La pièce Vol Rasant-kimono printemps a été invitée à faire partie de l’exposition Playtime de Ad Minoliti à Edel Assanti Gallery.

Vol Rasant-kimono printemps a son origine dans une autre œuvre, Vol rasant , un rouleau peint sur papier de 45cm de hauteur et 1300cm de longueur.

Ce format implique une narration oral implicite. L’image n’est pas observable d’un seul coup d’oeil, et il est nécessaire un temps de lecture (le temps de le dérouler, de le « lire ») pour la dévoiler dans sa totalité.

Une des manières d’effectuer cette lecture est le passage par différents formats, par exemple ce kimono.

Les kimonos se composent à partir de laies d’une même largeur, et se construisent par pliages sans coupes dans cette même pièce.

Avec les images du rouleau peint, j’ai composé quatre kimonos, réversibles, qui correspondent aux quatre saisons.

 

Ad Minoliti, Playtime,  Edel Assanti, 2016

http://www.edelassanti.com/exhibitions/58/overview/

15 March – 23 April 2016

Edel Assanti is pleased to present Ad Minoliti’s first UK exhibition which will include the work of Gaby Cepeda, Faith Holland, Erica Magrey, Graciela Hasper, DV Caputo, UJA (Unión de Jevas Autónomas), Fátima Pecci Carou, Vestite y Andate, María Ibañez Lago and Nicolas Cuello.

The exhibition invites us into a space of dissolution, where parameters distinguishing gender classification, traditional painting, and presentation versus content are destabilized.
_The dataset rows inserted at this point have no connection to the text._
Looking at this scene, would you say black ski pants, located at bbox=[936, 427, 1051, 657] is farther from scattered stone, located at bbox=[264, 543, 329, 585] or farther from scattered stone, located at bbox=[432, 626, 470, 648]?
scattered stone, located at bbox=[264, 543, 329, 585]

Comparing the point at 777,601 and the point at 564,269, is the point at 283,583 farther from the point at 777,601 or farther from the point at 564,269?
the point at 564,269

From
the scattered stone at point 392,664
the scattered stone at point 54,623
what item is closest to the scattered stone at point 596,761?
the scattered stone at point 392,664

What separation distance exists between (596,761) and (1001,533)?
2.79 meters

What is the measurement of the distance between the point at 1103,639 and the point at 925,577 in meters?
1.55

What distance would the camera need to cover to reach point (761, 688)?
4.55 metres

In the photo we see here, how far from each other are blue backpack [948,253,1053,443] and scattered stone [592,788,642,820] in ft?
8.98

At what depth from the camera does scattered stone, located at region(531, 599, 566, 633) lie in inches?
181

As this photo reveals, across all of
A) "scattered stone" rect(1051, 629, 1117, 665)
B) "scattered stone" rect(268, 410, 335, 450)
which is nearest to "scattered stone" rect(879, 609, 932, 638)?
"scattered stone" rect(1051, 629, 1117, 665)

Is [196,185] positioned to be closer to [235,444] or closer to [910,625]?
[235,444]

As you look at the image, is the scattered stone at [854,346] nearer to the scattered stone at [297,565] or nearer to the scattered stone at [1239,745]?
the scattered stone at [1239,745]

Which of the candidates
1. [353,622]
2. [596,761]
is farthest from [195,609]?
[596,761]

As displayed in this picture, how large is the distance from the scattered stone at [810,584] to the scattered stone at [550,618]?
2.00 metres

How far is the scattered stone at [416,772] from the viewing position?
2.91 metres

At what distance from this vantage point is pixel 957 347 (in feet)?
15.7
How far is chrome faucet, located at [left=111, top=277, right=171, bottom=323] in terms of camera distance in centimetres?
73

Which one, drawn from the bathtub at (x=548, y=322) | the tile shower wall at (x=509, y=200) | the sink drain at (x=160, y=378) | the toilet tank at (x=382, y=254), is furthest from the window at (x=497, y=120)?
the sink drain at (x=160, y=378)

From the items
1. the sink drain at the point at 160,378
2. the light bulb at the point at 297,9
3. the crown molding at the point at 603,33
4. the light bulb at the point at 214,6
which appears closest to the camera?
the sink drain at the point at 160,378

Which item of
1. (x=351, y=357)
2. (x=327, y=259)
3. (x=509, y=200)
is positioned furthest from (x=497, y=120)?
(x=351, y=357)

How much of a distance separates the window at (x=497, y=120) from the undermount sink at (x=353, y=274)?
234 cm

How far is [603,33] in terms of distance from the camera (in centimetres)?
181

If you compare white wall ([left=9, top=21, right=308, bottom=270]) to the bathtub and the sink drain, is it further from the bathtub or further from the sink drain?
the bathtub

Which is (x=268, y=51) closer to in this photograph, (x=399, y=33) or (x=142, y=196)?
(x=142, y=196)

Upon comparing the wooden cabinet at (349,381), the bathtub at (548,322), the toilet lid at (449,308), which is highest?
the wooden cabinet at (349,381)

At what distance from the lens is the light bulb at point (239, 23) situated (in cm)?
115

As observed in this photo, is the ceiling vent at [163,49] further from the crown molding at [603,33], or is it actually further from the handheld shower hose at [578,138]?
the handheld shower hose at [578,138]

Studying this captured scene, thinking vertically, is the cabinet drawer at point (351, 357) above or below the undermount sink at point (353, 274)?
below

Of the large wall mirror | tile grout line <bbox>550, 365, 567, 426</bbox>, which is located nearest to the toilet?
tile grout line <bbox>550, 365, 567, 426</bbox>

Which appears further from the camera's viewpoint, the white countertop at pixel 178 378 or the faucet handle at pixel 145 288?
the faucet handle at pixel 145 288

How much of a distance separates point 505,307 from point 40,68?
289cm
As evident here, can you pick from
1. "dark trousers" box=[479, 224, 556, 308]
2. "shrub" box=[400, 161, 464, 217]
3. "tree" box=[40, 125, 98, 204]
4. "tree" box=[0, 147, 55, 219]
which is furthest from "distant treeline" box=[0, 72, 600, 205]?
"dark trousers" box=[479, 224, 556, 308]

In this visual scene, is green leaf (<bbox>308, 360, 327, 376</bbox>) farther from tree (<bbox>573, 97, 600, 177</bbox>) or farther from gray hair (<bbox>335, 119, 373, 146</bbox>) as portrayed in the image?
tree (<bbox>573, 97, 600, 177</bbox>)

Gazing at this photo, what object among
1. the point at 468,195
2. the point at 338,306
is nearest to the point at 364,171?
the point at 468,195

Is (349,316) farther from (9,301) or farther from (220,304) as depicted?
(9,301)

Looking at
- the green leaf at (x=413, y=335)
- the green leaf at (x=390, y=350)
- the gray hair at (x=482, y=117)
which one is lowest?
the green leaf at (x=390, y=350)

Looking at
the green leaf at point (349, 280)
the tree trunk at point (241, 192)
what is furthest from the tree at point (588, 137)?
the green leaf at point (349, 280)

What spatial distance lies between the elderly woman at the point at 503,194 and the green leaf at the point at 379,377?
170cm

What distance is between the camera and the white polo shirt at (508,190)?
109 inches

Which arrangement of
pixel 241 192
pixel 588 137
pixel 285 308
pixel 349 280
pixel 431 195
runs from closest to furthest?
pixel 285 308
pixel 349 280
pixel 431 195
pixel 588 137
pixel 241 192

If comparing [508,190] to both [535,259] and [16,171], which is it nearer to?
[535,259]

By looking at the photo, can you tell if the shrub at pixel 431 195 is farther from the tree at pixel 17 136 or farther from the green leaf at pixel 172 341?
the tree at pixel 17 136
Minoliti frequently references the domestic setting as a site of gender role assignment in her work. In the Queer Deco Series, the environment of the post-war Californian suburban home is invoked, whilst the heteronormativity prescribed within its framework is simultaneously highlighted and dispensed with.

Minoliti’s work postulates a trans-human utopia, where queer and feminist theories are applied to aesthetic language, design and architecture, continuously invoking the human body both through its insinuated presence and notable absence. Examining imagery from fifties and sixties lifestyle magazines, Minoliti replaces the human inhabitants of these spaces with personified anthropomorphic entites, rendered both digitally and in acrylic paint.

The traditional notions of modern painting and the white cube are destabilized through the integration of work by the artists invited to participate by Minoliti, in the form of textiles, fanzines and video. The works are paired with objects in presentation mechanisms that serve a Modernist utopian agenda: no longer confined to walls, paintings rest on couches and rugs. Furnishings and aesthetic motifs from within the artworks are replicated in their surroundings within the exhibition, via domestic objects or textiles. The works are ultimately pushed beyond the physical space, transferred onto clothes, generated as gifs. At times more or less explicit, Minoliti’s revised modernity reminds us that we are constantly performing gender roles in a space codified for normative sociality.